Papineau leva l’index.

— Là est toute la question ! Et il y a deux réponses possibles. La première, qui est bizarre, c’est que pendant son transit entre l’ampoule et le film, le photon seul se divise en une série de vagues, certaines passant à travers une fente, les autres à travers l’autre fente, ce qui forme le spectre d’interférences.

« Mais l’autre réponse, celle qui présente un intérêt réel, c’est que le photon ne se divise jamais, mais qu’il reste plutôt une particule discrète, et que, en tant que telle, il n’a pas d’autre choix que d’aller dans une seule des deux fentes – dans cet univers.

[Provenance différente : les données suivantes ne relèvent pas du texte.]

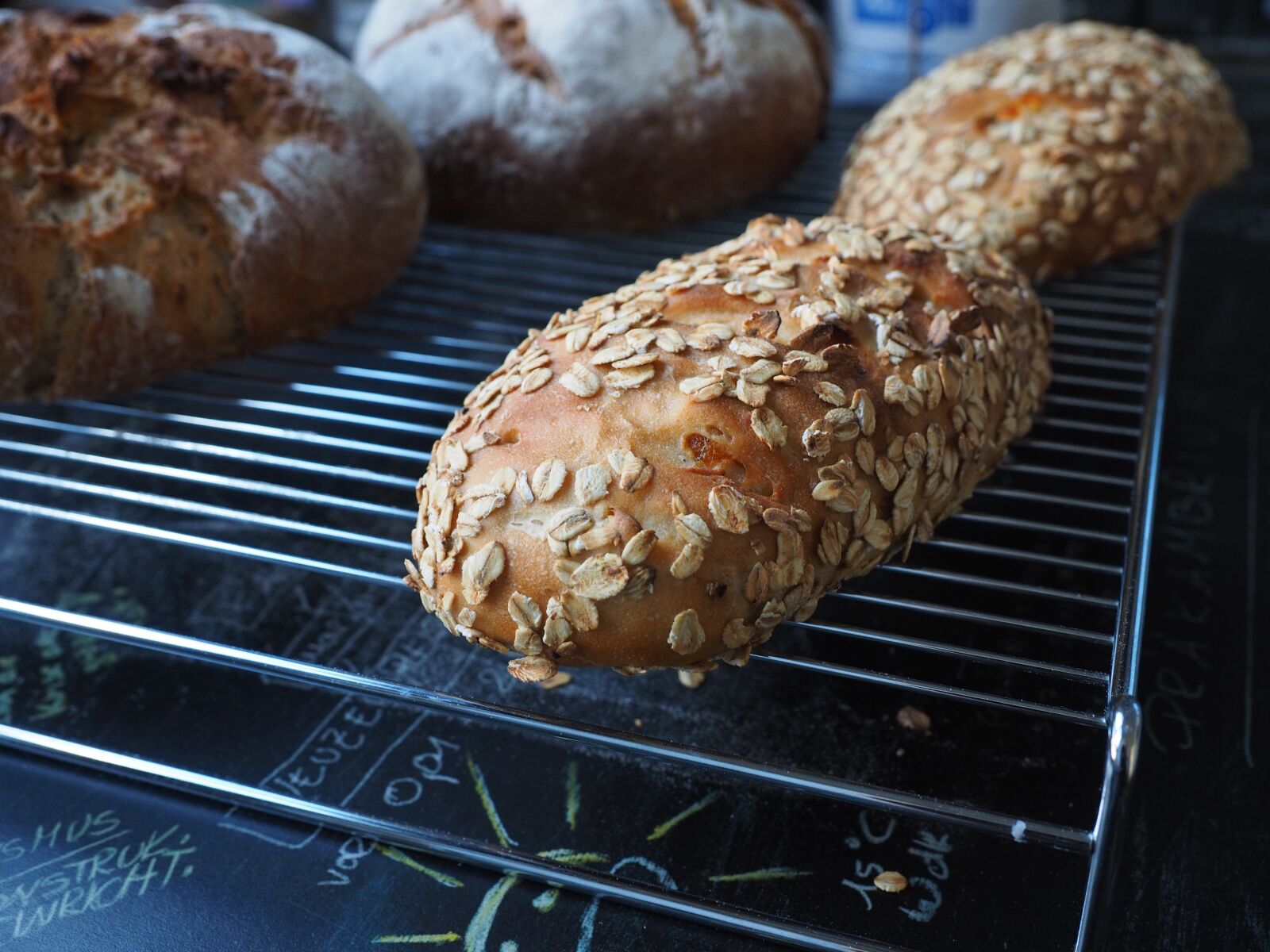 Olympus OM-D E-M1 + Olympus M.Zuiko Digital ED 12-40mm F2.8 Pro sample photo. Bread, bake bread, self-made photography
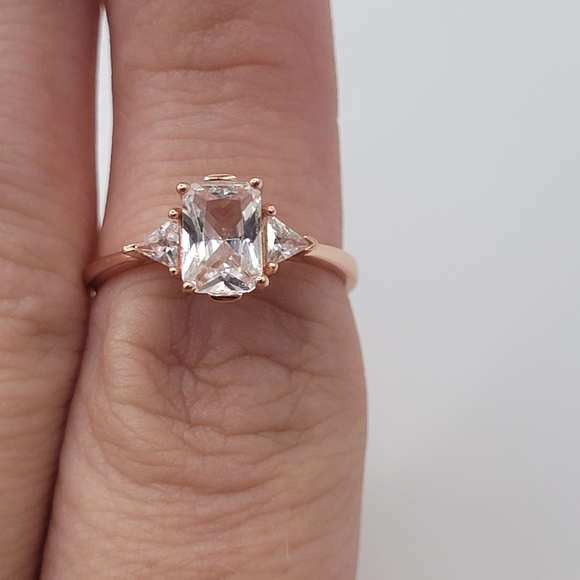 RoseGold plated 925 sterling silver ring with rectangular cut gem - Picture 10 of 16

Pourtant, exactement comme vous, Kyle, qui auriez pu prendre une direction ou une autre pour contourner Queen’s Park, le photon peut passer par l’une ou l’autre fente – et dans un univers parallèle, il prend l’autre direction.

— Comment se fait-il qu’il y ait un spectre d’interférences ? demanda d’Annunzio tout en mâchonnant un chewing-gum. Si nous restons au sud du Parlement, nous ne verrons jamais deux versions de Graves, l’une contournant par l’est, l’autre par l’ouest.

— Excellente question ! croassa Papineau, ravi. Et voici la réponse : l’expérience des deux fentes est un exemple très spécial d’univers parallèles. L’univers unique à l’origine se sépare en deux univers quand le photon rencontre les fentes, mais les deux univers existent séparément uniquement quand le photon voyage. Comme le chemin réellement choisi par le photon ne fait et ne fera jamais aucune différence, l’univers se reforme en un seul univers. La seule preuve que les deux univers ont bien existé est le spectre d’interférences laissé derrière sur la pellicule.

— Et si cela faisait vraiment une différence, la fente choisie par le photon ? demanda Roopshand.

— Avec n’importe quelle expérience dans laquelle on peut imaginer que le choix de la fente a une réelle importance – en fait, dans toutes les expériences où vous pouvez détecter par quelle fente le photon est passé –, vous n’avez jamais de spectre d’interférences. Et s’il y a en cela quelque chose d’important, c’est bien que les univers ne se rejoignent jamais pour en former un seul ; ils continuent séparés, chacun de leur côté.

Ce cours avait été une prise de tête, comme tous ceux de Papineau, mais également une métaphore, que Kyle n’avait jamais oubliée : celle des choix à faire à la croisée des chemins.

Et en 1996, même si Heather et lui étaient encore étudiants, il avait compris quel était l’univers qui lui importait le plus : c’était celui dans lequel ils auraient leur bébé.

Au mois de novembre suivant, leur première fille, Mary Lorraine Graves, était venue au monde.